初めに、象徴的な事例を示しておきます。 1921年、つまり、日本共産党創立の前年のことです。
1921年 2、3月 クロンシュタットソヴィエト水兵の反乱勃発
これは、10月「革命」の中心的役割を果たしたと言われていた赤軍中心部隊の反乱でした。
レーニンはこれをトハチェフスキー将軍(後の元帥)部隊を派遣して鎮圧します。
ほとんど皆殺しの状態だったということです。
1921年4~6月 タンボフ県の反乱農民一揆の鎮圧と敗残農民への毒ガス攻撃
6月11日 レーニン率いる政治局は以下の命令を承認し、発令した。(全露ソヴィエト中央執行委員会発令)
1、自分の名前を言うのを拒否した市民は裁判にかけずにその場で射殺すること。
2、人質を取った場合は処罰すると公示し、武器を手渡さなかった場合は射殺すること。
3、武器を隠し持っていることが発見された時は、一家の最年長の働き手を裁判なしでその場で射殺すること。

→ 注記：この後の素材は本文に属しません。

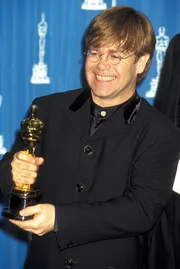 Elton John bei der 67. Oscar-Verleihung -im  Presseraum des Shrine Auditorium in Los Angeles.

4、ゲリラをかくまった家族は逮捕して他県に追放し、所有物は没収の上、一家の最年長の働き手を裁判なしで射殺すること。(夫や父や息子がゲリラ・農民一揆に加わっていたのを敗残後、家族がかくまっていた場合でしょう。) 5、ゲリラの家族や財産をかくまった家では、最年長の働き手を裁判なしにその場で射殺すること。(これは、おそらく、ゲリラ・農民一揆に参加した夫や父や息子を持った家族が食べる物もなく他県!に追放されて、仕方なく、親族・知人を頼ったという場合のことでしょう。)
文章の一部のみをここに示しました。